Should You Put Your Address on Your Resume?
By
Liz Fujiwara
•
Mar 3, 2026

In 2026, the question of whether to include your address on a resume has evolved dramatically. What used to be a standard line beneath your name now requires more consideration, especially in a hiring market shaped by remote work, distributed teams, and AI-driven screening systems. For AI engineers, ML researchers, infra engineers, and LLM specialists, the short answer is clear: skip the full street address and opt for a city, state, or region format instead. This approach balances privacy, practicality, and the realities of modern tech hiring, while still giving recruiters the location context they need for compensation bands, work authorization, and hybrid expectations.
Key Takeaways
Full home addresses are no longer standard for AI engineers, ML researchers, infra engineers, and LLM specialists, as privacy concerns, bias reduction efforts, and the dominance of remote work have made them unnecessary and potentially counterproductive.
Most applicant tracking systems only require a city or region for location filters, so your address should match the role type such as “San Francisco Bay Area, CA” for local positions, “Remote PST” for fully remote roles, or “Relocating to Seattle, WA August 2026” when planning a move.
Platforms like Fonzi prioritize your skills, portfolio, and preferences over a detailed address, meaning your qualifications carry more weight than your exact location.
Should You Put Your Address on Your Resume at All?

For most AI, ML, infra, and LLM candidates in 2026, the answer is straightforward: no, you generally shouldn’t list your full street address. A city or region format is best.
Recruiters and hiring managers almost always contact candidates via email, phone, or LinkedIn, not postal mail. Most communication happens digitally, making a full mailing address redundant on the resume itself.
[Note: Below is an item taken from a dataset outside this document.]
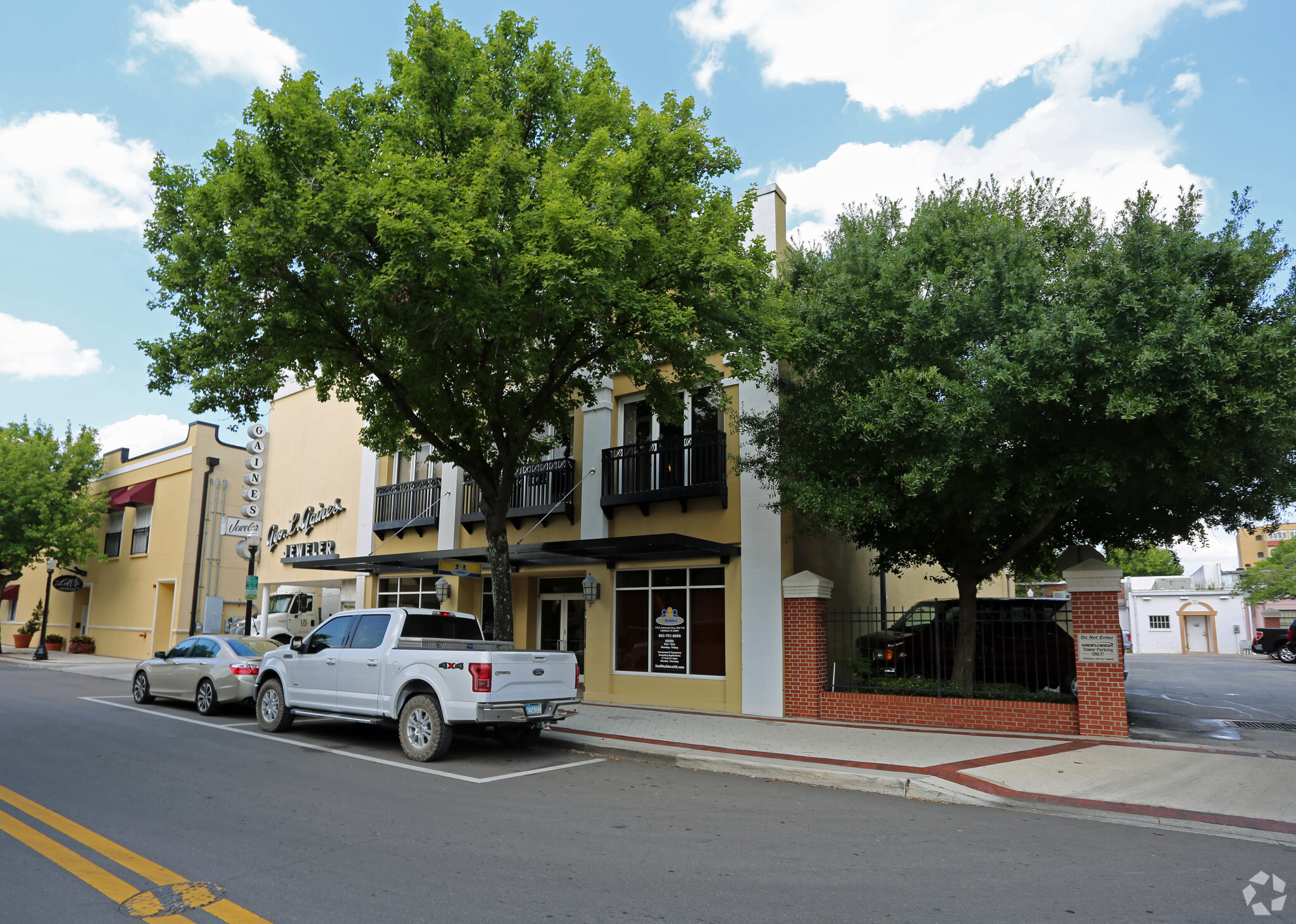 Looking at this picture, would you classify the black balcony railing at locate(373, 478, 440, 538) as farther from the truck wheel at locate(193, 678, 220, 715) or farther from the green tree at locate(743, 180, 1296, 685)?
the green tree at locate(743, 180, 1296, 685)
This is not just about convenience; it reflects how the industry actually operates.
Modern ATS and internal recruiting tools typically index candidates based on city, region, country, and sometimes time zone, not by precise street location. When a hiring manager searches for “ML engineers in Austin,” the system looks for city-level matches, not ZIP codes.
The shift happened gradually. Around 2010, email and platforms like LinkedIn began replacing paper-based correspondence. The COVID-19 pandemic accelerated this trend significantly, with remote job postings surging 300 percent on platforms like Indeed between 2020 and 2026.
Rule of Thumb:
Full address = rarely helpful
City/Region = recommended default
No location at all = only in unusual, high-risk cases
Pros and Cons of Including an Address on a Resume in AI and Tech
The decision to include location information is a risk-benefit tradeoff specific to 2026 tech hiring, where remote and hybrid work coexist with some location-sensitive roles.
Potential Pros:
Demonstrating local availability for on-site labs, data centers, or roles requiring physical presence
Passing location filters for “US-only” or “EU-only” AI roles
Signaling eligibility for export-controlled, classified, or regulated work
Showing you are in the same city as a potential employer, which can matter for hybrid positions
Potential Cons:
Privacy and security risks when resumes are uploaded to multiple job boards
Risk of neighborhood-based bias affecting how a hiring manager perceives your application
Irrelevance for fully remote or global-first AI teams
Wasted resume space that could highlight more relevant qualifications
Consider this example: if you are applying for a Bay Area MLOps role, listing “San Jose, CA” helps you pass location filters and signals local availability. But omitting your location entirely might cause the ATS to misclassify you as out of scope.
Pros vs. Cons of Listing Your Address
Here’s a practical breakdown of how different location formats affect AI candidates:
What You List | Pros for AI Candidates | Potential Downsides |
Full street address | Proves local residence for on-site roles; helpful for regulated government AI work requiring proof of address | Privacy risk if resume is scraped; potential bias based on neighborhood; unnecessary for 95% of roles |
City, State/Region only | Passes ATS location filters; signals general location without precision; balances clarity with privacy | Slightly less specific for roles requiring exact commute calculations |
Metro area + time zone (e.g., “Bay Area, CA • PST”) | Perfect for remote-friendly roles; communicates scheduling availability; modern and professional | May not satisfy ultra-traditional employers (increasingly rare in tech) |
No location given | Maximum privacy; ideal for high-risk situations or fully anonymous applications | Can trigger ATS misclassification; recruiters may assume you’re not eligible for location-specific roles |
How to Format Location on a Resume (With Concrete Examples)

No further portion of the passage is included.